# 95 chevy 1500 running rough



## leonardjudy (Jan 20, 2008)

i have a 95 chevy pickup running rough ,4.3 i changed plugs,wires,rotor button,cap,pcv valve,converter and oxy sensor, when i get on the highway the check engin light comes on and throws the oxy code but i changed it twice so that aint it,could somebody give some advise. thank alot


----------



## mack1 (Nov 27, 2007)

Hi Leonardjudy
I was hoping someone more qualified (had a similar problem) would offer help, but at this point, I see none. I have a 4.3 engine in a 96 s10 blazer. Probably almost the same as yours that had a fuel injection problem so I got the opertunity to look into the fuel systems further than I wanted to. I bought and read a Haynes Repair Manual. In doing so, I found that the system has probably 5 sensors related to the air and fuel ratio. The computer looks at throttle position and engine timing to know when to inject fuel. It looks at other sensors to know how much to inject.
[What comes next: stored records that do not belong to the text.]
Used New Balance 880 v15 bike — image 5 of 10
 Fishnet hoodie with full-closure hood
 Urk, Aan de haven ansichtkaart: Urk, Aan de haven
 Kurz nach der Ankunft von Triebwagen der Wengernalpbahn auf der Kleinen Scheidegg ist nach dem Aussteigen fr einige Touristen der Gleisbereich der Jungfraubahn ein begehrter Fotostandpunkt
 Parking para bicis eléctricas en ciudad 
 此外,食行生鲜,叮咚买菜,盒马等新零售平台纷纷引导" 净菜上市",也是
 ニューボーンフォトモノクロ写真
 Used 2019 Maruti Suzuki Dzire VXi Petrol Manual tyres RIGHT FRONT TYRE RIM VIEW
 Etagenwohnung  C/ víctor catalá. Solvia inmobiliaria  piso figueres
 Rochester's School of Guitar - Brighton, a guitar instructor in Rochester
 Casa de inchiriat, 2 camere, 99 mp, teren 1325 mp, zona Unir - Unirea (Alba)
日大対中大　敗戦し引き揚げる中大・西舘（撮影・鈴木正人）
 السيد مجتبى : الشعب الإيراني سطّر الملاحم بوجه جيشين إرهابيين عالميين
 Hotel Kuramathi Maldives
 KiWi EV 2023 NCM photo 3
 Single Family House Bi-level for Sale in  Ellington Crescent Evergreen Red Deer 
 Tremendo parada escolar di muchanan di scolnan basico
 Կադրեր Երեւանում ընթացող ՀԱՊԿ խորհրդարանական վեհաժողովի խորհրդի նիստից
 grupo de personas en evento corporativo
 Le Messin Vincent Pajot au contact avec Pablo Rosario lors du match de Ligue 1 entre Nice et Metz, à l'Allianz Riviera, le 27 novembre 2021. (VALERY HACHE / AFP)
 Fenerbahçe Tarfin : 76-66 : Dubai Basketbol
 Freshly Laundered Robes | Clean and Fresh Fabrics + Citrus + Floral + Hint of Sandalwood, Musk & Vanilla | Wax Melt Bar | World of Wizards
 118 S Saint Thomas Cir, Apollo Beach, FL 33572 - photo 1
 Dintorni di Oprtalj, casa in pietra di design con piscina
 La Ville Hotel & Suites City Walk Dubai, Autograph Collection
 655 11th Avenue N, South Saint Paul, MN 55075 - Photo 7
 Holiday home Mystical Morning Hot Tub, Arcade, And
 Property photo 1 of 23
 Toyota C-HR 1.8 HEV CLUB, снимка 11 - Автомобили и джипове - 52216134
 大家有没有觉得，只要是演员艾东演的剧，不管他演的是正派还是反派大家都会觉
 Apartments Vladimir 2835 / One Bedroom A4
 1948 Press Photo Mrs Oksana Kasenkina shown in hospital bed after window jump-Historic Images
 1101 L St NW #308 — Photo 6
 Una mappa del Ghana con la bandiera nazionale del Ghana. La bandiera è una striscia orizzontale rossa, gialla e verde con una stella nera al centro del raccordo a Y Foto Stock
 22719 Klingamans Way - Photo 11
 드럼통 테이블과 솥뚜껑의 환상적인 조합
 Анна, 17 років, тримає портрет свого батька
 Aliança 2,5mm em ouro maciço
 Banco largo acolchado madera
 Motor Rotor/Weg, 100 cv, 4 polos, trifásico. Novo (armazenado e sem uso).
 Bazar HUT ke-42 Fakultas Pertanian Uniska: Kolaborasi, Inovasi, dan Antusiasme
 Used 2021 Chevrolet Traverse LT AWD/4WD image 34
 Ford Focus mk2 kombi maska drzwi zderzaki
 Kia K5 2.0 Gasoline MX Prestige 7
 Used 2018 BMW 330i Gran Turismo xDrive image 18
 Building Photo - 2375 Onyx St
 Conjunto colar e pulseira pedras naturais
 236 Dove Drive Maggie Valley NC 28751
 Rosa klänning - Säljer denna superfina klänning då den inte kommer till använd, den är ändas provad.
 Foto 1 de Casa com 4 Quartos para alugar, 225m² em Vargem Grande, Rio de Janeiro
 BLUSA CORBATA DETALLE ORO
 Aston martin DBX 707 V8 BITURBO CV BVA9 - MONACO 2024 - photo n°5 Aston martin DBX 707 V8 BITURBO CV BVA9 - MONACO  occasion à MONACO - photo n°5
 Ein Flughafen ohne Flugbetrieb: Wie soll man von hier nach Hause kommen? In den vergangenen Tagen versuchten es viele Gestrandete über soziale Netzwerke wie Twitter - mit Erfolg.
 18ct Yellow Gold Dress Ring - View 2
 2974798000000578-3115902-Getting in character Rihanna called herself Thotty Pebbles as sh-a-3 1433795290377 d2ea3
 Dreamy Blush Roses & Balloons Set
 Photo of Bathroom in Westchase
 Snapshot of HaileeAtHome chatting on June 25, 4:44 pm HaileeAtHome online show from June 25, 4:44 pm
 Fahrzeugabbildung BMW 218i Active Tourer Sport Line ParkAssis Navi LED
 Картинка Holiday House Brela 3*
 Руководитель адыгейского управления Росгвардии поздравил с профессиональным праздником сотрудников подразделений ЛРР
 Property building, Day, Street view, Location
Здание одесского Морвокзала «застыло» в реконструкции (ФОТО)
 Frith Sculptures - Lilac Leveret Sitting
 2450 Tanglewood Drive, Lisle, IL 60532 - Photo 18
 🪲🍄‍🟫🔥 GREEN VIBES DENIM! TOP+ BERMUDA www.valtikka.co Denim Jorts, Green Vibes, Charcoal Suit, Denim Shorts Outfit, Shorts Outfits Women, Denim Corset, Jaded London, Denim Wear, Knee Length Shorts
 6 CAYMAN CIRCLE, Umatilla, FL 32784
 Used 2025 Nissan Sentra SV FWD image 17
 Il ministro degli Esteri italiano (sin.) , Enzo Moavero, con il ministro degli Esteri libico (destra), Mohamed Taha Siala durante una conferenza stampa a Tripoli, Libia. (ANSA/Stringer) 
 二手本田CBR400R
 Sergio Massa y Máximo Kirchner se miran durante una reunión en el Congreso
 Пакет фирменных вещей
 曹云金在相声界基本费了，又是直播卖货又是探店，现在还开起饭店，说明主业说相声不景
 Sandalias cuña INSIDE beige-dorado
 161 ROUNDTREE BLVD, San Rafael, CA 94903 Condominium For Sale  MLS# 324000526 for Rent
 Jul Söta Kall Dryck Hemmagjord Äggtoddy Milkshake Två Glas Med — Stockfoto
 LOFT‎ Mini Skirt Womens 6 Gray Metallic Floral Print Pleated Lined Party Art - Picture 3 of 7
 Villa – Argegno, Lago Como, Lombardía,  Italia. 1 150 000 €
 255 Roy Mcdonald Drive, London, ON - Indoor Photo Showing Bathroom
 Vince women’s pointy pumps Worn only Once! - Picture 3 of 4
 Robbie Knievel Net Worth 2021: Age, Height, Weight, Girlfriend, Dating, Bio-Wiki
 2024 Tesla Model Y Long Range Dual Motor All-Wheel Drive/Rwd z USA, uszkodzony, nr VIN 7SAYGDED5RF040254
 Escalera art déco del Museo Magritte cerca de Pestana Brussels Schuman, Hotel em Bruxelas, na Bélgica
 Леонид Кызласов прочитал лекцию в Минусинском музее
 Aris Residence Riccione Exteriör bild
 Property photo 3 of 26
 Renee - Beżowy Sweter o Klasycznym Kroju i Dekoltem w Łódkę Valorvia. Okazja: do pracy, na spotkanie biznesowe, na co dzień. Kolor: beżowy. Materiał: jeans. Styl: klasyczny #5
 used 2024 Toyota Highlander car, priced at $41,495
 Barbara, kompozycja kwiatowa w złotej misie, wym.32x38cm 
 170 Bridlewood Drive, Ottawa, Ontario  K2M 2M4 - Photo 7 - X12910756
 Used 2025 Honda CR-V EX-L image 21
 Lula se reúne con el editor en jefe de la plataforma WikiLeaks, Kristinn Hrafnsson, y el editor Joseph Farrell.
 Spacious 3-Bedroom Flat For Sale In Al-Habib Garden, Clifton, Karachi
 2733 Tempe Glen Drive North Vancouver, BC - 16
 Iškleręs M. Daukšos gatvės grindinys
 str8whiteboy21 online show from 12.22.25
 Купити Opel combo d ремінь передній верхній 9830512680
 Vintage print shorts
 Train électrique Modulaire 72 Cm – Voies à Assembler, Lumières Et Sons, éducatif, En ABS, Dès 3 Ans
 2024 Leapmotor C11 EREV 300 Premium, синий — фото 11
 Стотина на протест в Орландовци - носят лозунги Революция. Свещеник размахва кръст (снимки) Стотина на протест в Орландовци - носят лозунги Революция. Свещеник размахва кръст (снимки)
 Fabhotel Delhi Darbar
If it isn't right, an oxygen sensor in one of the exhaust pipes will complain about it. (the check engine lamp) The error code will tell you which oxygen sensor is complaining, but won't tell you what the problem is. If you intend to fix the problem yourself, I would suggest you get a repair manual, volt/ohm meter, and fuel pressure guage. For the engine to run smoothly, you will need about 60 psi on the fuel pressure. The meter will help you track down sensor problems. 
Be sure the air filter is clean. 
Wish I could be of more help.


----------



## leonardjudy (Jan 20, 2008)

thanks for the info mack1. if you could tell me the 5 sensors related to the air fuel ratio i would appreciate it


----------



## jeepinboy70 (Jan 6, 2008)

You have a 95, the 96 is a vortec motor. The 95 is still a throttle body set up. (15 lbs fuel pressure) And there should be only one o2 sensor. I suggest that if you already replaced the sensor, then. I would look into the wiring going to it. It is 13 years old now, never know what you'll find inside the wiring loom.


----------



## leonardjudy (Jan 20, 2008)

thank you ill check those wires , but mine is a votec motor unless someone put valve covers that say vortec on it , and it is throtle body


----------



## qldit (Mar 26, 2007)

Good Morning leonardjudy, from your description it would appear you suspect ignition is the problem, that would also be my suspicion, however, as mack1 suggests, things may not be as they appear.

I also would suggest getting a Haynes type manual and some means of checking the fuel pressure. 
Be careful and ensure decent adapters are used to couple to the fuel rail.

I am a great believer in giving the fuel tank a shot of injector cleaner and running for a period with decent fuel to see if that has any effect before getting too involved with parts changing.

A O2 sensor code may not be an actual O2 problem, consider it as just a pointer that combustion sensing is improper or that the resistance of that circuit may be outside tolerances.
Normally a small voltage is generated by the presence of O2 in the hot gases passing that sensor, so that wiring integrity is important.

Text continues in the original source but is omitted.